El contraste con el presente es brutal. En seis meses, el Gobierno pidió dos rescates. El primero, del FMI; el segundo, ahora, de la administración Trump. Y en ninguno de los casos hubo una autocrítica explícita de la praxis económica. Milei sigue convencido de que la disciplina fiscal y el ajuste son suficientes para enderezar el rumbo, sin reconocer que la política es el eslabón indispensable para sostener la economía. “La economía no va a funcionar si la política no está alineada”, repiten en Wall Street, el FMI y hasta en oficinas del propio Tesoro norteamericano.
El resultado electoral del 26 de octubre será, por lo tanto, un plebiscito sobre la viabilidad de la experiencia libertaria. Los números son claros: para blindarse ante un eventual juicio político o frente a vetos, La Libertad Avanza necesita conformar un tercio en Diputados, es decir, llegar a un bloque de 86 bancas. Hoy apenas cuenta con 37, de las cuales siete caducan este año. Simulaciones de consultoras privadas muestran que, con un 36 o 37% de los votos, Milei podría acercarse a esa cifra. Con menos, quedaría a merced de la oposición.

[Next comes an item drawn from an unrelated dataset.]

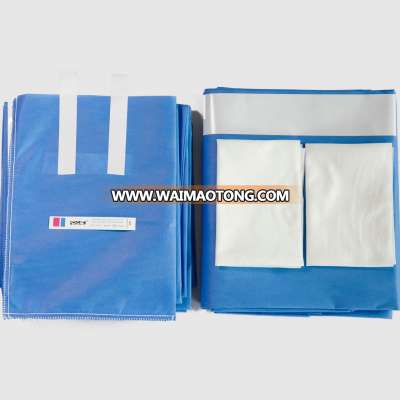 Hospital use waterproof surgical procedure pack disposable surgical drape with hole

El mapa electoral, sin embargo, no augura triunfos fáciles. Córdoba y Santa Fe no registran los números esperados. En la Ciudad, la lista encabezada por Alejandro Fargosi está por debajo de la de Patricia Bullrich. Y en Buenos Aires, donde se concentra el 40% del padrón, la derrota reciente del oficialismo fue tan amplia que desinfló la aspiración de “pintar el país de violeta”.

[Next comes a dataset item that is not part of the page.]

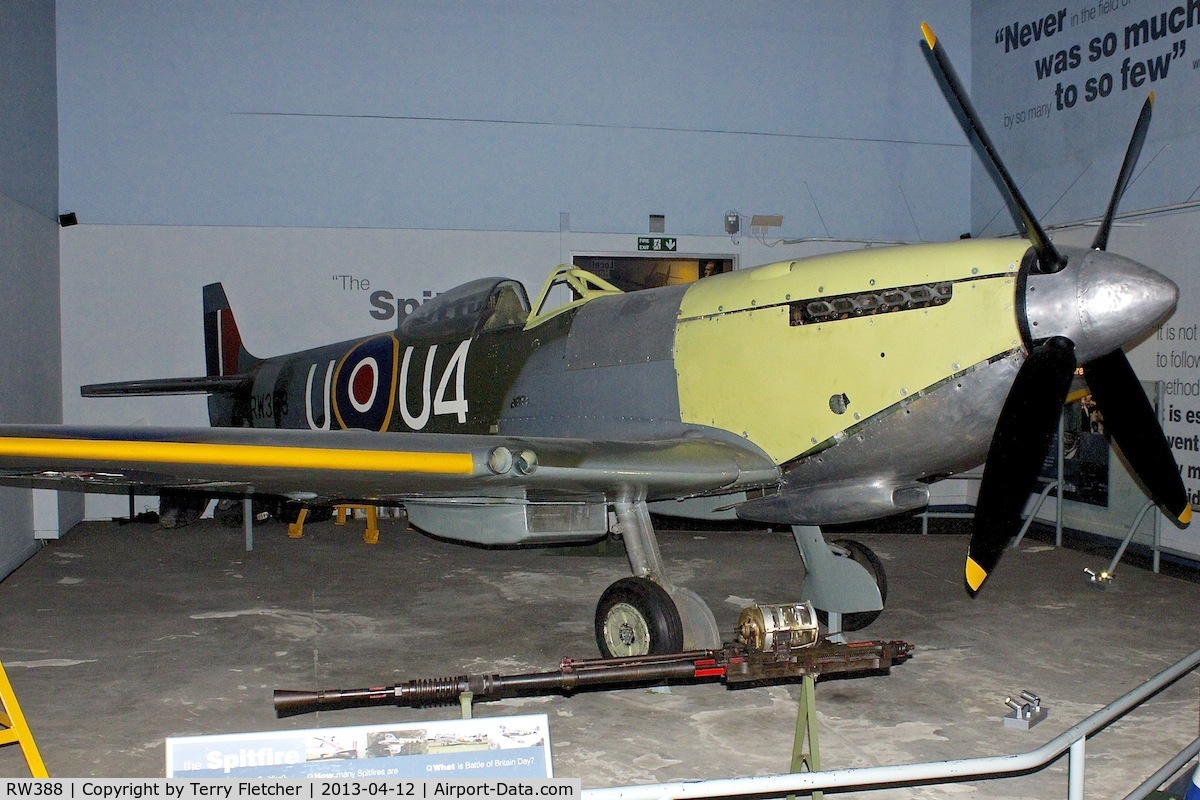 RW388, 1945 Supermarine 361 Spitfire LF.XVIe C/N CBAF.IX.4646, 85% original parts of 1945 Supermarine 361 Spitfire LF.XVIe, c/n: CBAF.IX.4646 on view at Potteries Museum & Art Gallery in Hanley  - a tribute to local born , Spitfire designer , R.J.Mitchell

La oposición, en tanto, percibe una oportunidad. El peronismo en la provincia de Buenos Aires se siente revitalizado, con una militancia entusiasmada en darle “otra trompada” al Presidente. Y los gobernadores nucleados en Provincias Unidas —Llaryora, Pullaro, Valdés, Torres, Vidal y Sadir— buscan construir un polo alternativo, aunque aún no logren consolidarse como opción nacional.

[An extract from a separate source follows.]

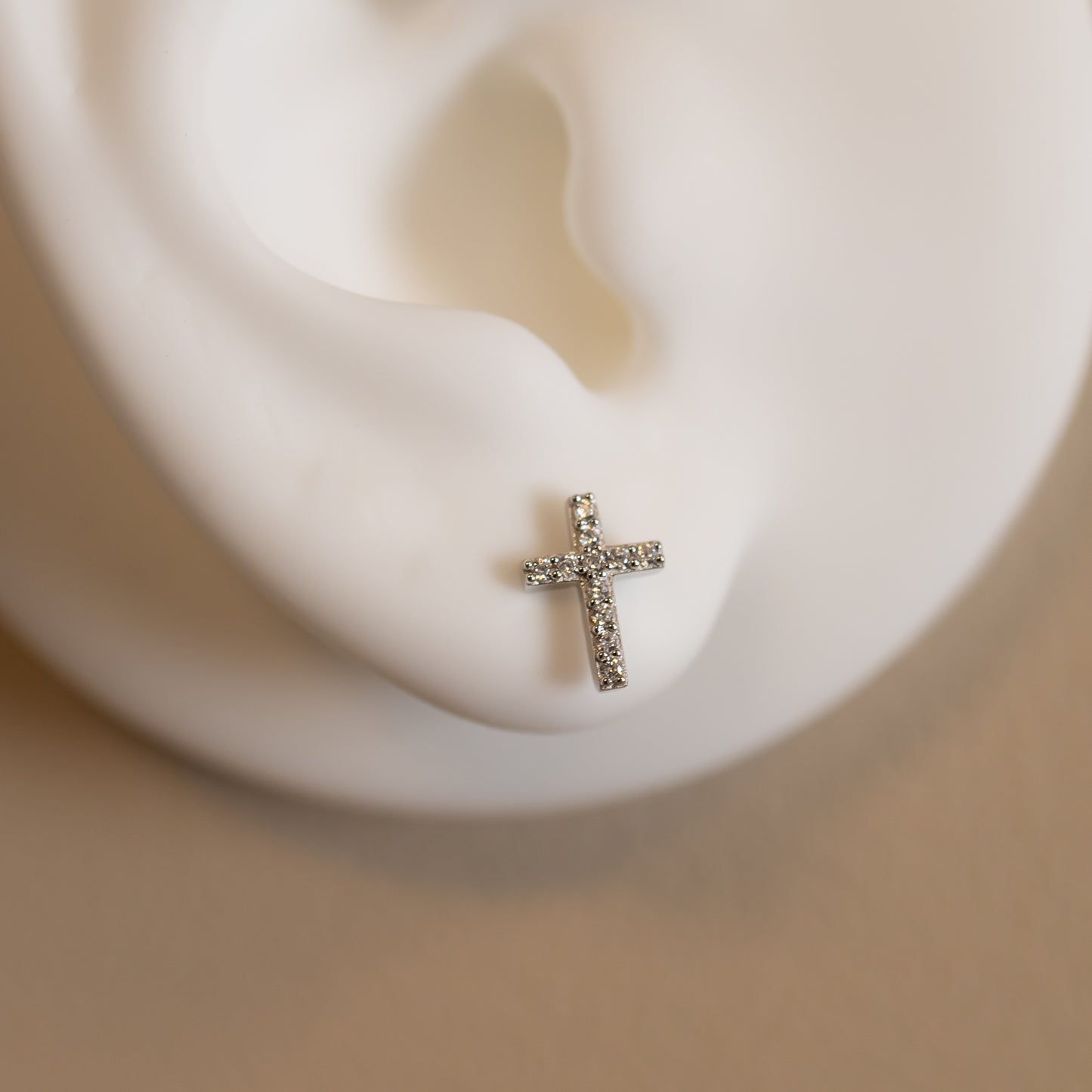 Diamond Cross Stud Earrings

El dilema de Milei es, entonces, doble: hacia adentro, necesita reconstituir la mística que lo llevó al poder; hacia afuera, demostrar que su programa económico no es una aventura insostenible. La ayuda de Trump le compró tiempo, pero no resuelve la ecuación de fondo. Porque, como advirtió The Economist, “si La Libertad Avanza fracasa en las elecciones intermedias, los dólares de Trump no impedirán que la Argentina vuelva a quebrar”.
La historia muestra que los liderazgos carismáticos y divisivos, como los de Trump y Bolsonaro, bajo reglas democráticas, tienen dificultades para reelegirse. El 26 de octubre no define solo el futuro inmediato del Gobierno: puede marcar si Milei es un experimento pasajero o si logra transformarse en una fuerza estable. Mientras tanto, el Presidente insiste en su mantra: “Vamos que se puede”. La pregunta es si ese eco de Macri será suficiente para evitar que, una vez más, la Argentina se quede sin aire.